ASSIGNED TASK:
In the data below, set down exactly the lines from the one containing "I'm The Birthday Boy Rhinestone Dog Tank" up to and including the one containing "E' un pechinese". Leave the pictures out.

RECORDS:
-- Opening Marker --
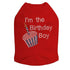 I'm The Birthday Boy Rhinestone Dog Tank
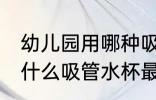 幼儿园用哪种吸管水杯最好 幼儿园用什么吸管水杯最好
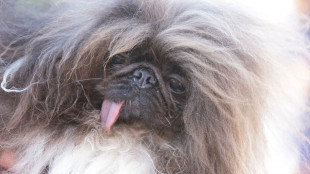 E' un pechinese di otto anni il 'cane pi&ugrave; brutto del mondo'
-- Closing Marker --
-- Opening Marker --
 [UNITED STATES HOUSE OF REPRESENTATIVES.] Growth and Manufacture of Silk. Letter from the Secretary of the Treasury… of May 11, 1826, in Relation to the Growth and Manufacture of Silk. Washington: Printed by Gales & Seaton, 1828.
-- Closing Marker --
SOLUTION TO THE PROBLEM:
 I'm The Birthday Boy Rhinestone Dog Tank
 幼儿园用哪种吸管水杯最好 幼儿园用什么吸管水杯最好
 E' un pechinese di otto anni il 'cane pi&ugrave; brutto del mondo'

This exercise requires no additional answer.